This invention relates generally to the testing of magnets as used in magnetic disk drives, and more particularly the invention relates to the testing of bipolar magnets.
Digital data is magnetically stored on the surfaces of disks in a disk drive. The disks are rotated at high speed, and pick-up heads move across the surfaces of the disks for storing and accessing data in concentric tracks on the disk surfaces. The pick-up heads are mounted on the ends of arms extending from an actuator which rotates the arms and heads to select a track. The actuator includes a voice coil which is placed in a magnetic field, and the actuator rotates in response to energization of the coil by the passage of current through the coil windings.

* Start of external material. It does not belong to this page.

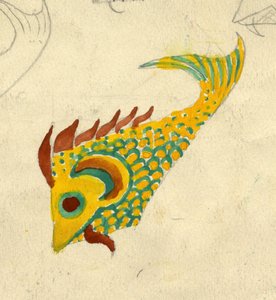 鱼类插图，约1950年。 作者 雪莉·马卡姆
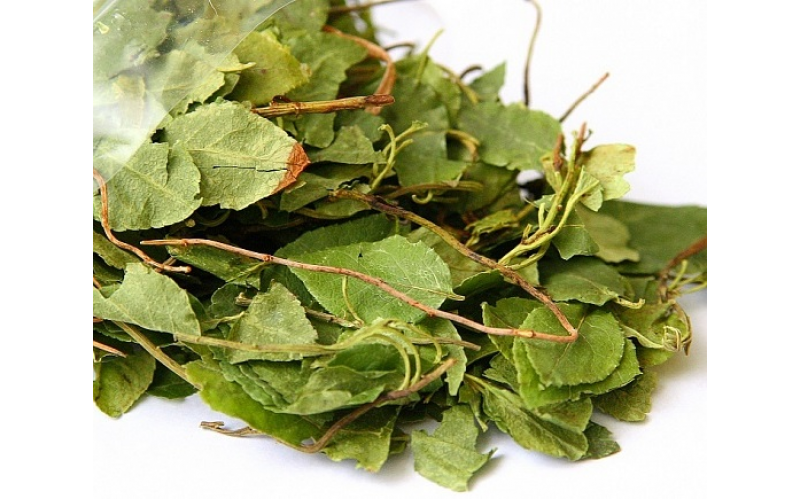 Боровая матка (трава, 25 гр) — изображение 1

The energization of the coil in moving the pick-up heads to a desired track is controlled by a programmed computer. The program is designed to tolerate some non-uniformity in the magnets. However, it is desireable to ascertain the characteristics of the magnets prior to use in a disk drive. Moreover, by measuring the magnet characteristics, manufacturers of the magnets can modify the manufacturing processes to optimize the characteristics.
Heretofore, a pair of unipole (e.g. a pole on each of two major surfaces) magnets have been used in driving the actuator coil. More recently, single bipolar magnets have replaced the pair of unipolar magnets. While the characteristics of a unipole magnet can be measured through use of a Helmholz coil, the Helmholz coil cannot be used with a bipolar magnet due to the cancelling affects of the poles. Further, bipolar magnets are unique in having a transition from one pole orientation to another on each major surface. The physical location of this transition on the surface of a magnet can vary. Additionally, a neutral or null zone surrounds the transition line due to domain disorientation on each side of the transition line which results in decreased magnetic performance of that area of the magnet.
Characteristics of magnets are established by the magnet manufacturing processes including rare earth powder blending, pressing, sintering and heat treatment, coating, and magnetizing. By monitoring the magnetic field strength, transitional line location, and neutral zone width, the manufacturing processes can be altered to attain optimal characteristics.